Egypte –La déclaration d’Al-Azhar pour endiguer les assauts salafistes

Les forces principales composantes politiques, culturelles, intellectuelles et sociales égyptiennes  ont adopté hier une plateforme commune considérée comme un pas important vers les élections et vers l’apaisement politico-social. Cette déclaration, à l’initiative d’El Azhar, fait un compromis entre les forces favorables à un Etat moderne voire séculier, et celles qui veulent une législation qui s’inspire de la Charia islamique.  Ce texte est un pur exercice d’équilibrisme qui peut être lu de différentes façons et dont le seul intérêt est de constituer une digue devant les assauts salafistes contre toute velléité de construire un Etat moderne.

Le Grand Imam d’Al-Azhar, Cheikh Ahmed al-Tayyeb a convoqué hier mercredi une réunion à la machiakha d’Al-Azhar qui a réuni les chefs de partis et représentants des forces politiques, religieuses, culturelles et intellectuelles de l’Egypte afin d’étudier ce document proposé par la prestigieuse institution qu’il préside.

Al Azhar en tant que pôle fédérateur et guide de la nation, ainsi qu’une plateforme pour la diversité, la modération et l’harmonie possède un rôle primordial dans la définition de la relation entre l’Islam et l’Etat. L’institution tente en cette phase délicate de l’histoire du pays d’adopter une attitude modérée et consensuelle.

La déclaration se présente sous la forme d’un document en 11 points, en vue de servir de base à la réforme constitutionnelle.

Celle-ci stipule la création d’un Etat moderne, qui promeut les droits du peuple à la liberté, la dignité et la justice sociale ainsi que les valeurs de citoyenneté, d’égalité, et de la protection des minorités et des autres cultes. Quant à la partie théologique, elle indique que l’islam est la source de législation. Ceci dans une langue compréhensible en évitant autant que faire se peut les ambiguïtés et les termes complexes.

Les participants à la réunion dans leurs différentes tendances ont approuvé les dispositions de la déclaration tout en émettant pour certains des réserves.

En substance la déclaration stipule :

-L’établissement de l’Etat national constitutionnel démocratique moderne, fondé sur la séparation des pouvoirs et des institutions. C’est l’Etat qui définit le cadre de la gouvernance, et garantit les droits et devoirs de chacun de ses membres sur un même pied d’égalité. Le pouvoir de la législation doit être entre les mains des députés du peuple conformément.

-La déclaration précise à ce titre que l’Islam n’a connu, ni dans sa civilisation ni dans son histoire, ce qui est répandu dans d’autres cultures comme l’Etat religieux et clérical qui a dominé les gens et dont l’humanité a souffert lors de certaines périodes de l’Histoire.

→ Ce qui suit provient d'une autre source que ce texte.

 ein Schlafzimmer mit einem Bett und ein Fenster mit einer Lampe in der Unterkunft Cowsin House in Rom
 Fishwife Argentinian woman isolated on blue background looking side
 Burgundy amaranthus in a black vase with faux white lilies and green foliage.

-Les principes de la Charia islamique doivent rester « la source essentielle de la législation » -comme c’est le cas actuellement – et les adeptes des autres religions monothéistes pourraient avoir recours à leurs propres tribunaux concernant les affaires de statut personnel.

-L’adoption d’un système démocratique, fondé sur une élection directe libre qui est l’expression moderne pour mettre en forme les principes de la Choura islamique, y compris les garanties de la pluralité politique, le transfert pacifique du pouvoir, la détermination des spécifications et le contrôle de la rétribution des responsables devant les représentants du peuple.

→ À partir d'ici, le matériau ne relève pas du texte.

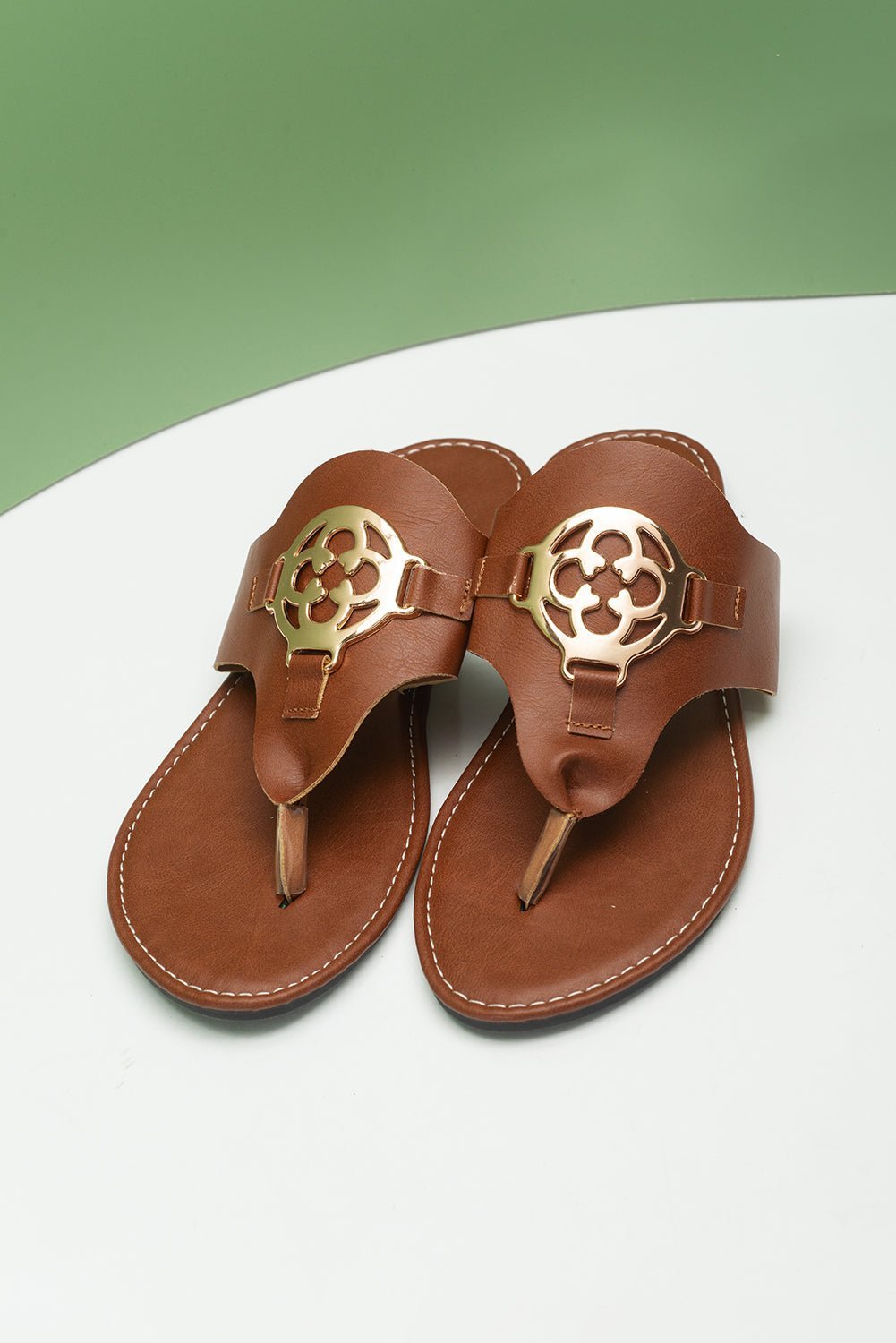 Pair of brown sandals with gold embellishments on a white surface with a green background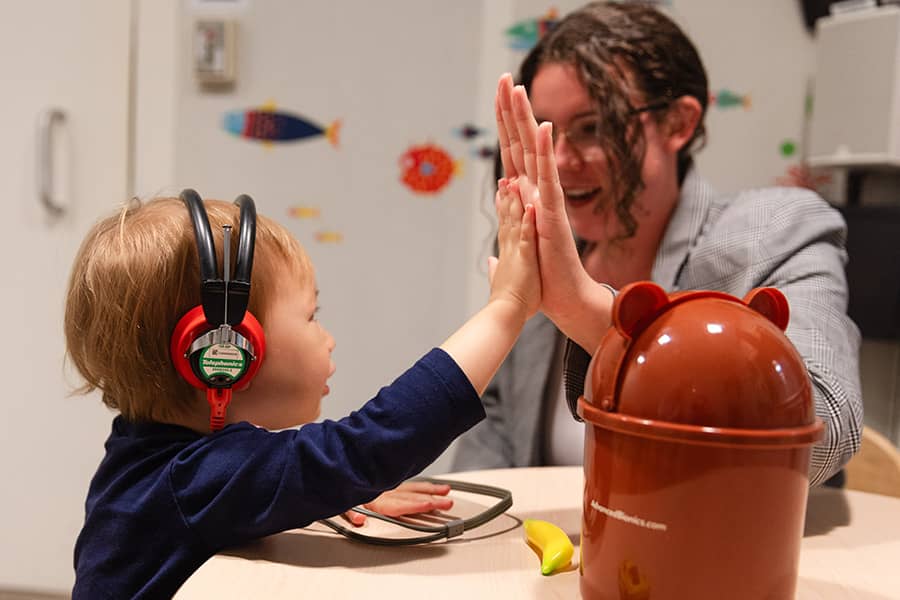 Speech Language Pathology student and toddler giving each other a high five.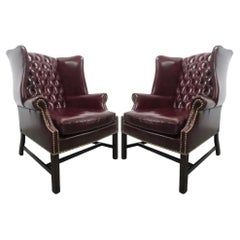 Pair of Vintage Leather Tufted Wingback Chairs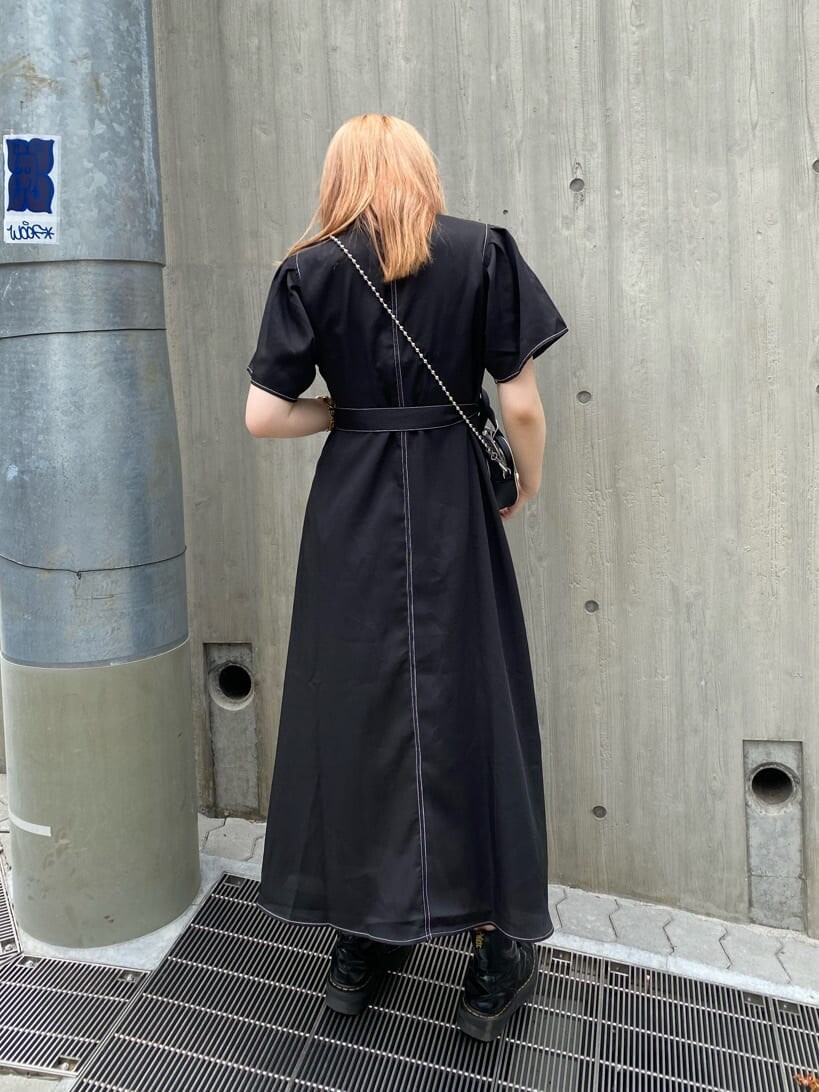 ブラック系のブーツ、ブラック系のワンピース、ブラック系のボストンバッグを着用したレディースの夏コーディネートの3枚目の写真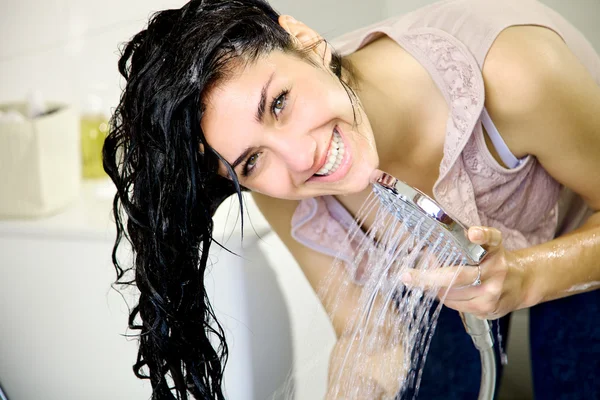 Jonge vrouw wassen lange haren — Stockfoto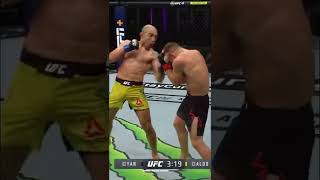 Petr Yan finally checks a leg kick and hurts Jose Aldo's shin.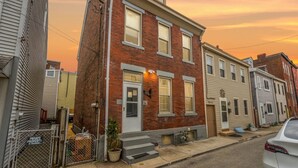 A row of brick townhouses with a small front porch, a potted plant, and a private property sign. - Double Living, Patio BBQ, Massage & South Side Fun (Pittsburgh)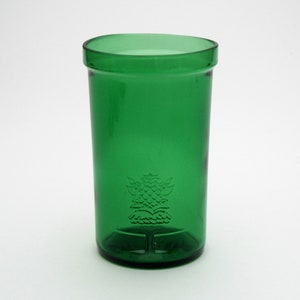 May include: A green glass drinking glass with a raised design of a thistle on the front.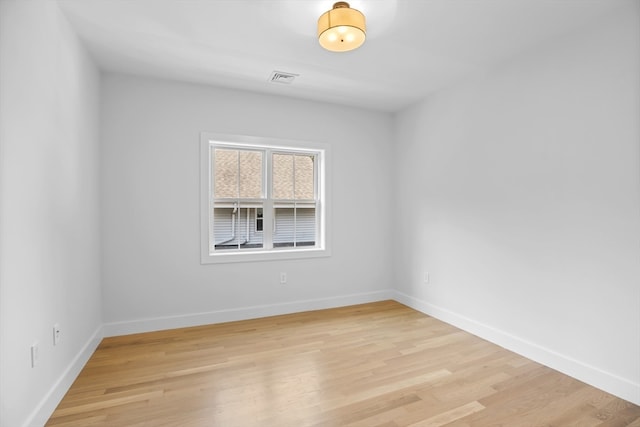 unfurnished room featuring light wood-type flooring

-L’attachement au système des libertés fondamentales dans la pensée et l’opinion, en respectant totalement les droits de l’homme, de la femme et de l’enfant, la citoyenneté de chacun et la non distinction fondée sur la religion ou la race. La déclaration met l’accent sur le principe du pluralisme ainsi que le respect des trois religions monothéistes.

-Le document précise dans une clause, l’identité de l’Etat : l’Egypte est un Etat musulman, l’arabe est sa langue officielle et la charia islamique est la source principale de législation.

Le porte-parole du groupe salafiste Abdel-Moneim El Shahat a déclaré à l’issue de la réunion qu’il ya un consensus autour des grandes lignes du document mais que néanmoins, le groupe a fait quelques observations portant sur la nécessité d’établir un État constitutionnel démocratique moderne, en précisant qu’il y a un rejet total de la part de la coalition salafiste des principes de la laïcité.

Notons que la réunion a vu l’opposition de quelques-uns des savants d’Al-Azhar qui se sont rassemblés pour déclarer, banderoles à l’appui, leur refus des principes contenus dans le document émis par la prestigieuse mosquée en précisant que la déclaration représente un danger pour les fondamentaux de l’Islam.

Dans un communiqué remis aux journalistes, le Grand Cheikh d’Al-Azhar a insisté pour que la déclaration reste comme un « guide » plutôt qu’un document contraignant. Précision qui anéantit de fait les espoirs de nombreux groupes de laïcs qui souhaitaient que la déclaration soit utilisée comme un cadre de référence obligatoire à l’Assemblée constituante qui rédigera la Constitution.